On Crowd Accelerated Innovation

Chris Anderson, the guy who founded TED - not the WIRED writer, has an interesting article on what he deems "crowd accelerated innovation." I won't hash out all the details but the basic idea is that people in certain areas (dance and architecture are two I remember) are able to innovate faster vis a vie the internet and specifically videos. The idea came to him when he realized that by publishing TED talks online the quality of future talks was improved. People invited to speak at TED poured over the archive and practiced their speeches and it showed.

This idea appeals to me because one, I have first hand experience with this which I will get into in a moment and two, it dispels the myth of the lone genius which is rarely if ever the case. Einstein had his first wife Mileva who was perhaps smarter than himself, Edison ran innovation like a factory, Kalashnikov (of AK47 fame) was the head of a design team which was played down by the Soviets to trump up the hero card, etc.

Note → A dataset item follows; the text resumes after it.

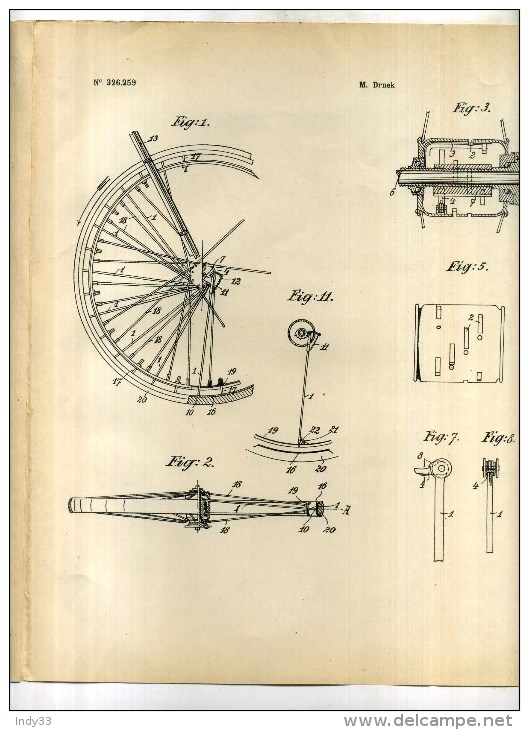 - COMMANDE AUXILIAIRE POUR LES ROUES AVEC JANTE A COURONNE ELASTIQUE . BREVET D'INVENTION DE 1902 . - Cars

Tesla may be an exception but come on, it's Tesla. He was barely human.

As usual I digress to a paintball story. Back in the day - that is, roughly the late 90's paintball tournaments were played in the woods. This made for some pretty bad spectating. You could rarely get a good glimpse of what made good teams good. The sport evolved and by the time I started playing national tournaments (NPPL, when there was one league) in roughly 2000 woods fields were a thing of the past. What this allowed more than anything was for amateurs to see how the pros played. It used to be the case that all teams at a tournament would play teams of other classifications - of which there were three - Pro, Amateur A, and Amateur B. In 80-90% of the match-ups the team in the higher division would win handily. But as time progressed and classifications went from 3 divisions to 4 (Pro, D1, D2, D3) and 5 (+semi pro) this wasn't the case at all. The gap in skill decreased. Of course some of this could be attributed to various factors - lower cost of paint, widening of classifications, smaller teams (from 10 man to 7) which means more chance, but by far and away I believe it was because everyone could see what the pros were doing. You could literally stand next to the net at a national tournament without paying admission for the cost of gas to get there. A paintball education became cheap.

You could see where they ran off the break, where they shot, how they shot, how they moved, how they talked, and the young kids started to mimic them. It really cannot be overstated how much it changed paintball. In 2002 if a pro team lost to an amateur team it was the talk of the tournament, but by 2006 it was entirely common for a good amateur team to beat a top ranked pro team - we did it repeatedly.